More concretely, replacing a human driver with an automated one isn't going to change all the physical constraints that make it inefficient to have cars that cruise at 100+ mph: http://energy-ecology.blogspot.com/2010/05/optimal-vehicle-s.... Whether you're in a Honda Civic or a Ford Explorer, doubling speed from 90 kph to 180 kph triples fuel consumption.

Even if self-driving cars can be a little lighter, that's not going to change the shape of the curve.


Drafting, which results from the "car trains" I mentioned to start with, does change the curve. Dramatically. On the order of 50% decreases.

And that's with current designs.

Optimize your cars to maximize drafting effects and you can see greater improvements.


Well, its not like Japan hasn't been spending lots of money on Shinkansen existing lines since they've been built. Actually, they upgrade them constantly. Having the right away from the first line cleared out makes continuous upgrades more feasible, however.


>That's assuming there are no technological improvements in transportation in the long, long term. Which is, honestly, in this time and age, ridiculous.

That's dumb. Japan has invested in it since the war and has reaped the benefits despite (relatively steady) technological improvements in HSR.

Assuming that there will be sufficient unknown black-swan technological breakthroughs to render it uneconomic is frankly, absurd.


> That's dumb. Japan has invested in it since the war and has reaped the benefits despite (relatively steady) technological improvements in HSR.

What benefits, exactly?

EDIT: I mean, what obvious economic benefits is Japan getting from spending so much on train lines?


* Far lower CO2 emissions for long distance travel.

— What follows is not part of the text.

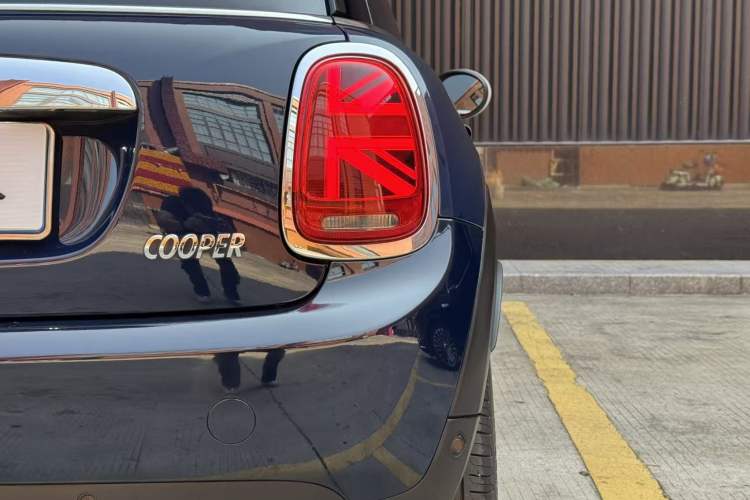 Used MINI 2018 1.5T COOPER Artist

* Greater social interconnectivity between cities, enabling denser, richer industrial networks. The Keiretsu economic structure to which Japan owes so much of its industrial success would not have worked nearly as well without easy long distance intercity travel. Horizontal networks of large numbers of small businesses spread across large distances that combine together to form, e.g. a Nikon digital camera, would not be possible if executives in these businesses did not have easy access to one another and one another's factories.

* Lower trade deficit - it's better for Japan's economy that the money spent by its citizens on long distance travel isn't filtered overseas into the pockets of rich Arab dictators via oil purchases (who then spend it on gambling in Parisian casinos or American fighter jets). Instead, it is spent at home, generating additional economic activity, enriching Japanese rather than Arab princes.

* It serves as a good form of Keynesian stimulus - keeping people employed and levels of economic activity stable during debt-crisis driven economic slumps.

All of these are economic benefits that occur in addition to the cost savings.


> * Far lower CO2 emissions for long distance travel.

Yeah, except that electricity in Japan is mostly not nuclear, so you consume CO2 to produce electricity to run your trains anyway.

> Greater social interconnectivity between cities, enabling denser, richer industrial networks.

Most of the fabric of the industrial world in Japan is around Tokyo - that is the main point of the article, too, by the way. Most of the other cities in Japan are underdeveloped compared to Tokyo. Not sure where you get the idea the train is making things better for everyone.

> long distance travel isn't filtered overseas into the pockets of rich Arab dictators via oil purchases

Electricity is produced with petrol and gas in Japan mostly. You are feeding the same rich Arab dictators anyway.

> It serves as a good form of Keynesian stimulus

Yeah and we all know how well Keynesian stimulus works. It works as long as you spend, and then poof, nothing, and people get back to unemployment - it's a loss for everyone.


>Yeah, except that electricity in Japan is mostly not nuclear, so you consume CO2 to produce electricity to run your trains anyway.

It's MORE energy efficient - not zero emission (yet):

https://en.wikipedia.org/wiki/High-speed_rail#Energy_efficie...

"Even using electricity generated from coal or oil, high-speed trains are significantly more fuel-efficient per passenger per kilometre traveled than the typical automobile because of economies of scale in generator technology[42] as well as lower air friction at the same speed."

Nonetheless, it will also make it easier to reduce emissions as renewable energy output ramps up. You can run HSR on hydro, wind and solar power - you can't run planes on electricity.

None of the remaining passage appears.